Tuesday, September 11, 2007

Don Hoodenpyle shovels gravel into rain-cut ditch across driveway before breakfast




Please click on photos to enlarge.
Monday's rain washed out a deep cut that made it difficult for Don Hoodenpyle to cross Aspen Bayou between his house and the intersection of South Duncan Avenue and 11th Street. So Hoodenpyle went out about 7:30 a.m. Tuesday and began shoveling some of the waste gravel left on the site more than a year ago by workers who dug out the old street that led to his driveway. He finally got the small gulley leveled enough to make driving safer.

2 comments:

Anonymous said...

Back when you were at one of the Little Rock papers, you showed a photo and wrote about a couple of guys apparently shooting at geese in a field with deer rifles. Someone asked why you didn't call a game warden or stop them from their violation of wildlife regulations instead of taking pictures and writing about the crime you appear to have documented.
So why didn't you take the shovel and help the gentleman. You know the developer or the city won't be there working on his problem anytime soon.

aubunique said...

I did help Don after I took a few photos of him in action. He had done 90 percent of the work before the noise drew me outside.

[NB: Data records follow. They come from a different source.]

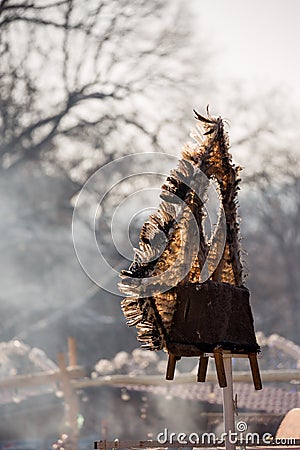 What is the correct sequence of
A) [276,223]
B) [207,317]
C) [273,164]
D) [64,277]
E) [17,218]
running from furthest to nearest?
[276,223], [64,277], [17,218], [273,164], [207,317]

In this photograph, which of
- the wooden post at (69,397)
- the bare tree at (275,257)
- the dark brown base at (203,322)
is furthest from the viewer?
the bare tree at (275,257)

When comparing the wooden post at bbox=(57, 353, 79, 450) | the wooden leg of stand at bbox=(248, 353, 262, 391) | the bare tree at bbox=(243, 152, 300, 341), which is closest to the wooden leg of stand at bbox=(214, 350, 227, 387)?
the wooden leg of stand at bbox=(248, 353, 262, 391)

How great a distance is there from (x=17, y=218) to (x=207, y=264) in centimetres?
2198

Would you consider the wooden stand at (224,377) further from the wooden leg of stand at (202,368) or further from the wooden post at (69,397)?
the wooden post at (69,397)

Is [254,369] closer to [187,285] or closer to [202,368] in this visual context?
[202,368]

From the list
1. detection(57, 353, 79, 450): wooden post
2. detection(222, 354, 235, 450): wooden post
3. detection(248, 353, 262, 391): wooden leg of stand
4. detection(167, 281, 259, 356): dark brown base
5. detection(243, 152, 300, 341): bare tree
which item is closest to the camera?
detection(167, 281, 259, 356): dark brown base

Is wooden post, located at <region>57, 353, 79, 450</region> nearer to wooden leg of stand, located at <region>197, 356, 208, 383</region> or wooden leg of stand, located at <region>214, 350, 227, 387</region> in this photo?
wooden leg of stand, located at <region>197, 356, 208, 383</region>

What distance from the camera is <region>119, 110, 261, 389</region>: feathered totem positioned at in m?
6.05

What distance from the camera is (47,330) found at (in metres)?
27.1

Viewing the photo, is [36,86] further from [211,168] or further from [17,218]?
[211,168]

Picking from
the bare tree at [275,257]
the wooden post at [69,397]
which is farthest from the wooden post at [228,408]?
the bare tree at [275,257]

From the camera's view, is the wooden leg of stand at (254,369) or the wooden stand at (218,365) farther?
the wooden leg of stand at (254,369)

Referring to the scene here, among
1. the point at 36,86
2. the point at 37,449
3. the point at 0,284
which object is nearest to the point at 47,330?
the point at 0,284

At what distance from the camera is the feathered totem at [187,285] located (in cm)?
605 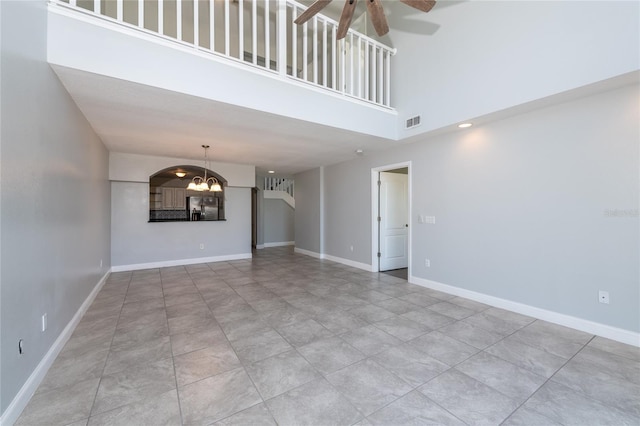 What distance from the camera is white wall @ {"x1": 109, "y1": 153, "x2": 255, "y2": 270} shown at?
18.4ft

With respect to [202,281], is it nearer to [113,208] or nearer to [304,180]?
[113,208]

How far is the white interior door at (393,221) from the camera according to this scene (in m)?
5.51

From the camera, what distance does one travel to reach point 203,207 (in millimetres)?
8188

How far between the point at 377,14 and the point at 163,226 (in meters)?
5.83

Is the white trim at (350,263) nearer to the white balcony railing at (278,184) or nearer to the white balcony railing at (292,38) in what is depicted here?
the white balcony railing at (292,38)

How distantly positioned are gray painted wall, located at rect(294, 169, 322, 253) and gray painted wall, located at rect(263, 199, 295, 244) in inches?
64.4

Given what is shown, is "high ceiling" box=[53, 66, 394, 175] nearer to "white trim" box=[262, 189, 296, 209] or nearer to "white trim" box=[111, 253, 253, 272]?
"white trim" box=[111, 253, 253, 272]

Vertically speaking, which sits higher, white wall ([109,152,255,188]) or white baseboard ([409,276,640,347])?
white wall ([109,152,255,188])

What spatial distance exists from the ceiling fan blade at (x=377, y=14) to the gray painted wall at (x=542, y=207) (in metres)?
1.88

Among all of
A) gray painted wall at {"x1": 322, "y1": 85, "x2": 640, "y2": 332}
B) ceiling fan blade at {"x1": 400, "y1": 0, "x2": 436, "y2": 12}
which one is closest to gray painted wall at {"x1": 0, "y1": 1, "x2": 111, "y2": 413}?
ceiling fan blade at {"x1": 400, "y1": 0, "x2": 436, "y2": 12}

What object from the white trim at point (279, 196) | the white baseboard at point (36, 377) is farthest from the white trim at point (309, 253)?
the white baseboard at point (36, 377)

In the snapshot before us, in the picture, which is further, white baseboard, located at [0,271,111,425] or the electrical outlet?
the electrical outlet

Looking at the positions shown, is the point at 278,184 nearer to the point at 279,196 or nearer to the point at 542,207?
the point at 279,196

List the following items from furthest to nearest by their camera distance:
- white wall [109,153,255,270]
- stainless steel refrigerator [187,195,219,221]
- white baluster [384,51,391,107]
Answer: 1. stainless steel refrigerator [187,195,219,221]
2. white wall [109,153,255,270]
3. white baluster [384,51,391,107] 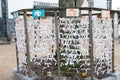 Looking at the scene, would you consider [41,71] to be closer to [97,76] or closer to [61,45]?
[61,45]

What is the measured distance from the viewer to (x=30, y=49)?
15.3 ft

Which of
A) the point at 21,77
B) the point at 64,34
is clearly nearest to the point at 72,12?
the point at 64,34

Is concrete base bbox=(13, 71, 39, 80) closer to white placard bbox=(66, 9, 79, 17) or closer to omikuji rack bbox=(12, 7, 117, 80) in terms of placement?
omikuji rack bbox=(12, 7, 117, 80)

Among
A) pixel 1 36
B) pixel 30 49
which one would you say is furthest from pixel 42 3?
pixel 30 49

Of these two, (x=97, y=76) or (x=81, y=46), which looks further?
(x=97, y=76)

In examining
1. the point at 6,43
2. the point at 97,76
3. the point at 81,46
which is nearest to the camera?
the point at 81,46

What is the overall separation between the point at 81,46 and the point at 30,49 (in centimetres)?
93

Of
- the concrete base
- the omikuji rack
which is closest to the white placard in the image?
the omikuji rack

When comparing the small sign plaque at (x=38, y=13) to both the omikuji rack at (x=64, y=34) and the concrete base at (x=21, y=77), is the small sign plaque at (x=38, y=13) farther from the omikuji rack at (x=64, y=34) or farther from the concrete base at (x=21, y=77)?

I believe I explained back in the day (whatever year you are talking about) that Connie Meskimen and I were across a wide flooded portion of the bean field or corn or whatever, I can't remember now. It would have required driving fast on dirt to cut the shooters off at the gate on their side, which would have been down the road from where we left the black top. And we didn't have cell phones in the late 80s and early 90s. In fact, I don't have one now.
Meskimen had binoculars and watched while I tried to zoom in enough to get a decent photo; however, I probably was carrying only the short lens on my Pentax K-1000 that day because we were actually hunting. Possibly I had a long lens in my camera bag or would have if we had been in my vehicle.
If we could have gotten into position to photograph the license plate, I wouldn't have had to call Game and Fish. Meskimen, the Central Arkansas lawyer who earlier this year got a lot of attention over a sarcastic letter to the editor of the Demozette that a lot of readers took as serious, would have driven to the nearest pay phone (probably miles from the isolated delta grain or bean field) and called it in. He and I both were "get-involved" people at that time. I did the job I was paid to do, which was report news. Someone who generally didn't agree with my conservation messages in general must have written in about it. Was that you?